[Short text fragments from websites]
□ □ □ □

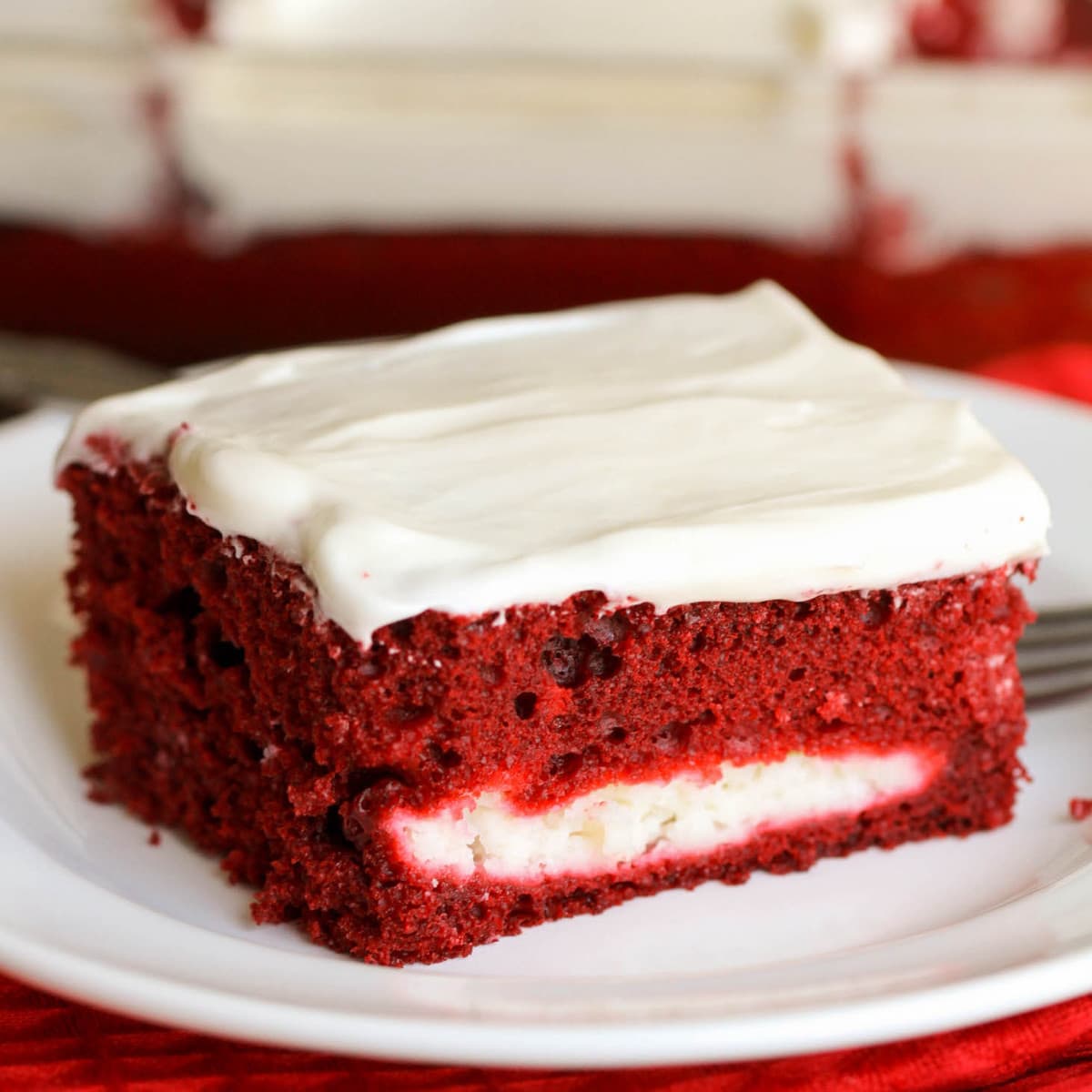 Valentine's Day Desserts - red velvet cheesecake cake with white frosting on a white plate. 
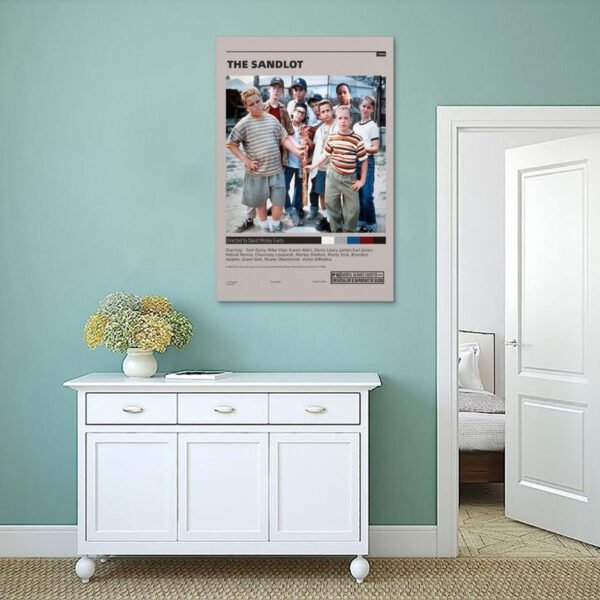 The Sandlot movie poster displayed on sage green wall above white sideboard in modern coastal style interior design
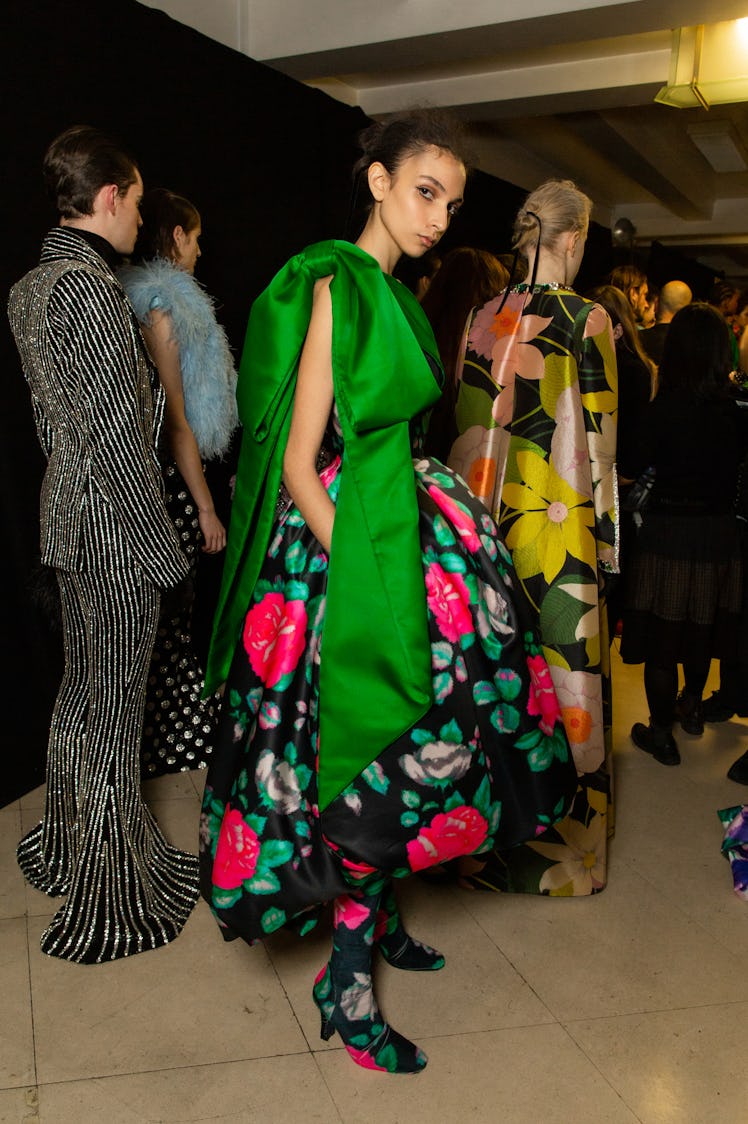 A model in a black-green-red floral dress with an oversized green ribbon at Richard Quinn‘s fall col...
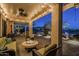 Cozy covered patio with a stone fire pit, comfortable seating, and inviting outdoor ambiance at 6513 S Fairway Dr, Gold Canyon, AZ 85118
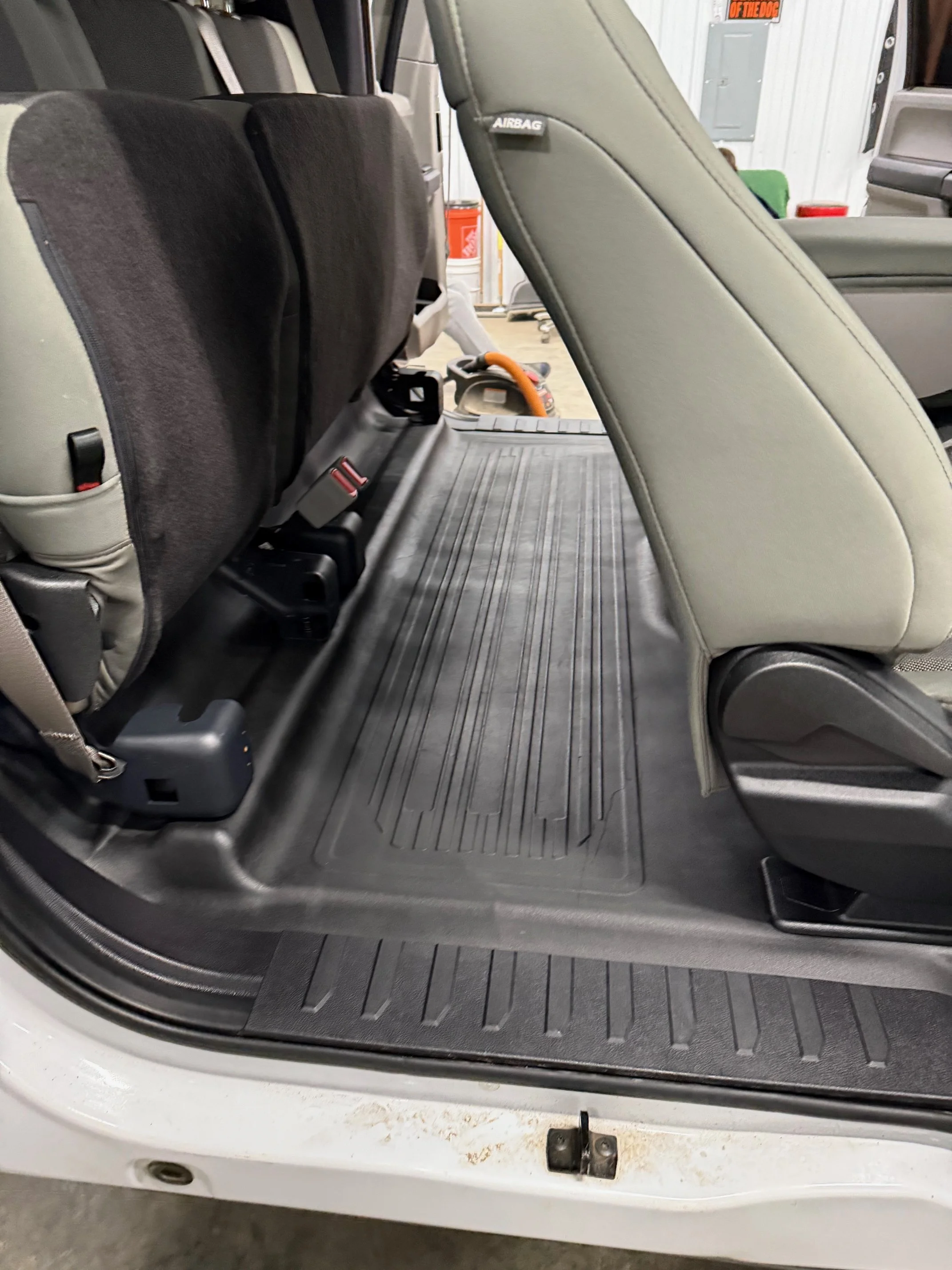 Back row of a vehicle interior with a removable flat floor panel, showing the cargo area with uncovered metal floor.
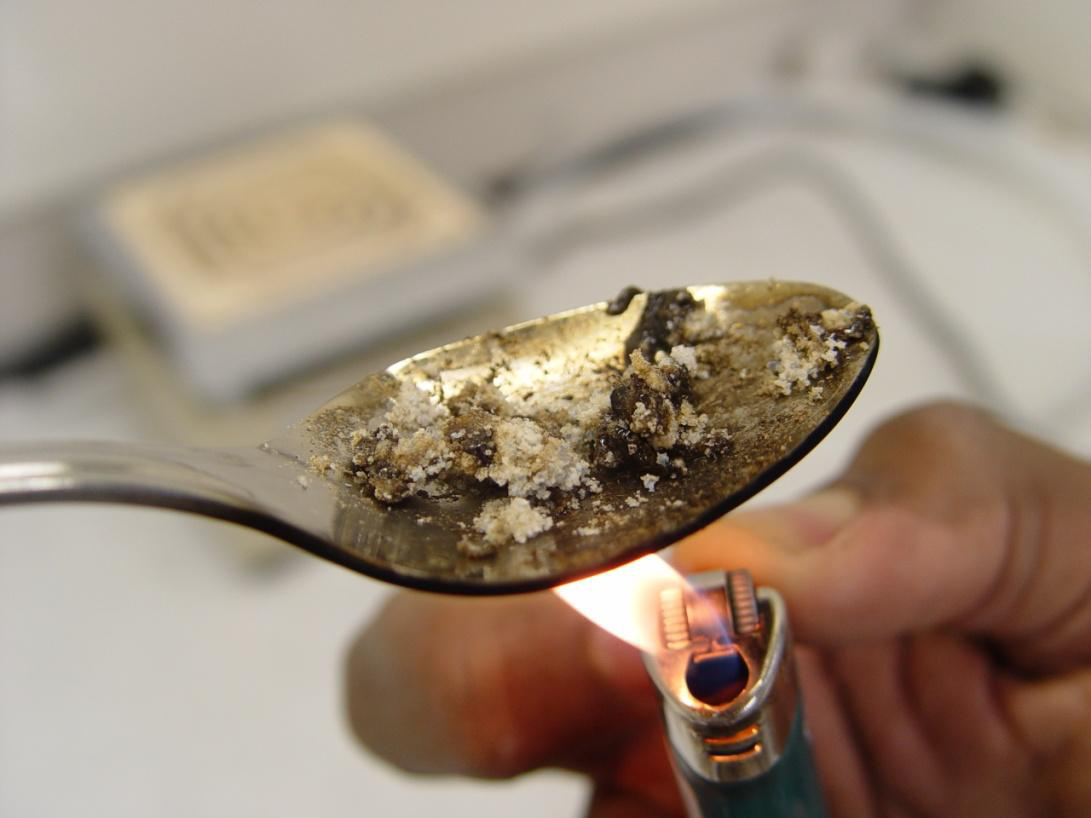 A silver spoon with a small amount of white powder on it likely an opioid or another drug. A person is holding a lit lighter under the spoon and the powder seems to be darkening in color due to the heat. The background is blurred but it appears to be light in color and possible a kitchen or laboratory setting.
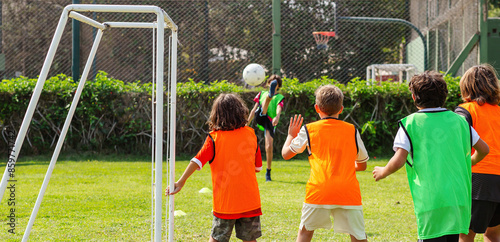 Foto Youth Soccer Match with Colorful Training Bibs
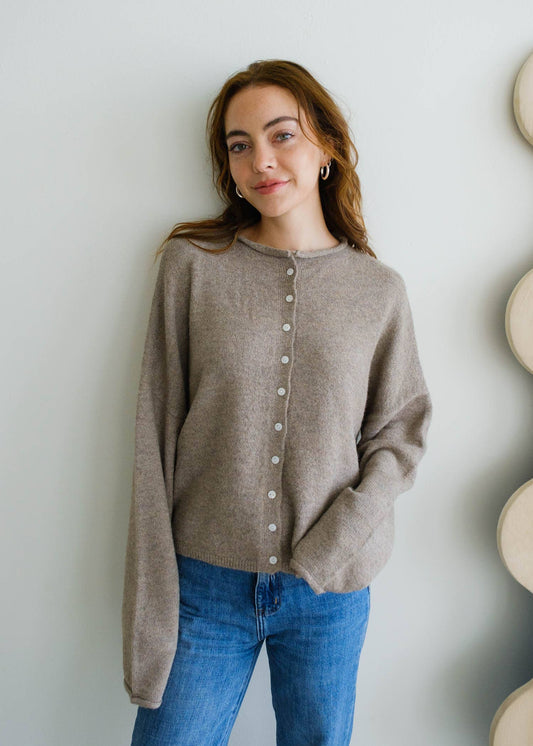 Woman wearing a lightweight mocha button-down Piper cardigan sweater styled with denim jeans, perfect for layering in any season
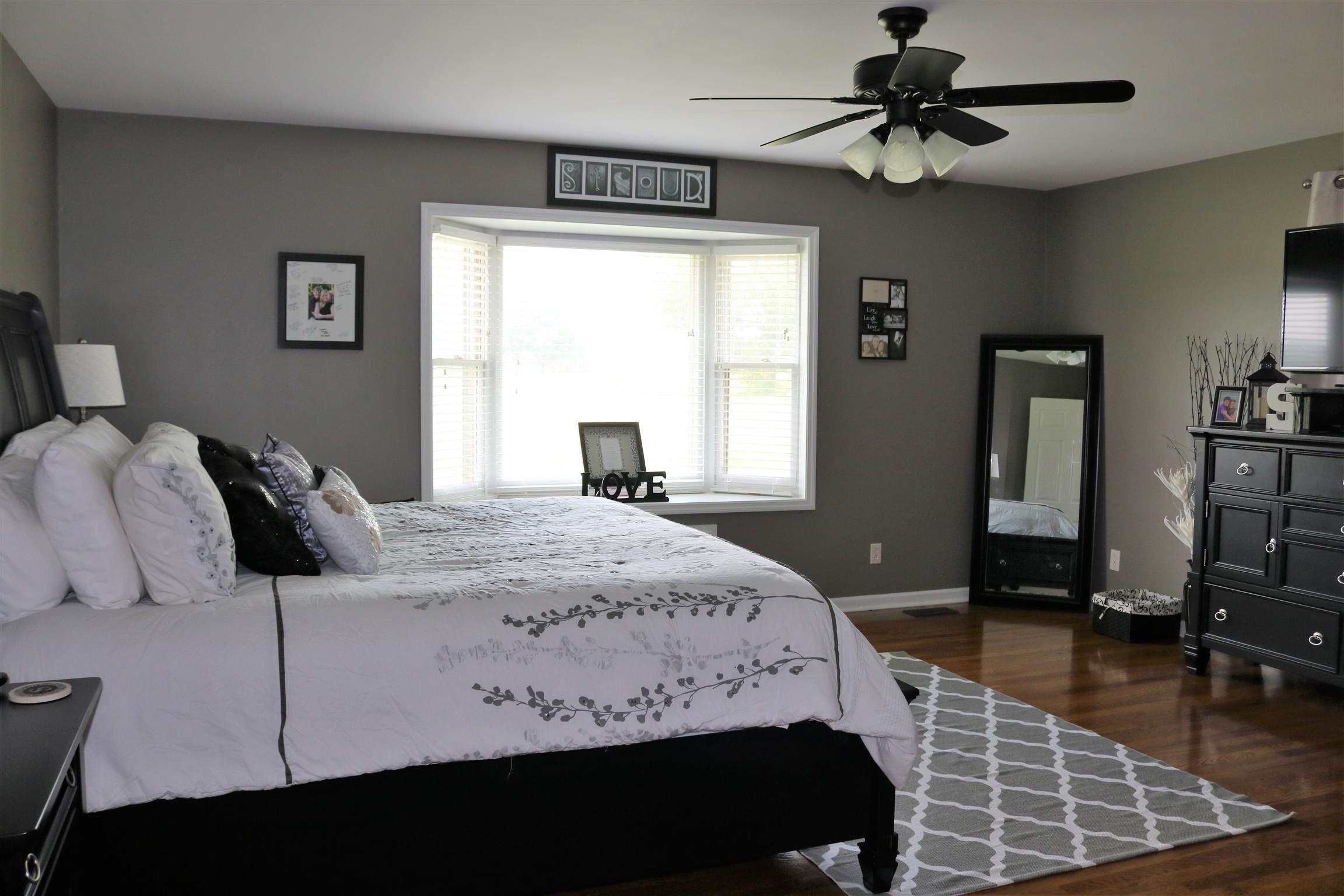 5937 Lakeview Road Springfield, TN 37172 - Photo 21 of 26 a bedroom with a bed a dresser and a window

□ □ □ □

■ REQUIRED WORK ■
Exactly the lines above, from the one containing "Cozy covered patio" down to the one containing "Foto Youth Soccer", are to be repeated, including both ends. Pictures are not part of the copy.

■ TASK OUTPUT ■
 Cozy covered patio with a stone fire pit, comfortable seating, and inviting outdoor ambiance at 6513 S Fairway Dr, Gold Canyon, AZ 85118
 Back row of a vehicle interior with a removable flat floor panel, showing the cargo area with uncovered metal floor.
 A silver spoon with a small amount of white powder on it likely an opioid or another drug. A person is holding a lit lighter under the spoon and the powder seems to be darkening in color due to the heat. The background is blurred but it appears to be light in color and possible a kitchen or laboratory setting.
 Foto Youth Soccer Match with Colorful Training Bibs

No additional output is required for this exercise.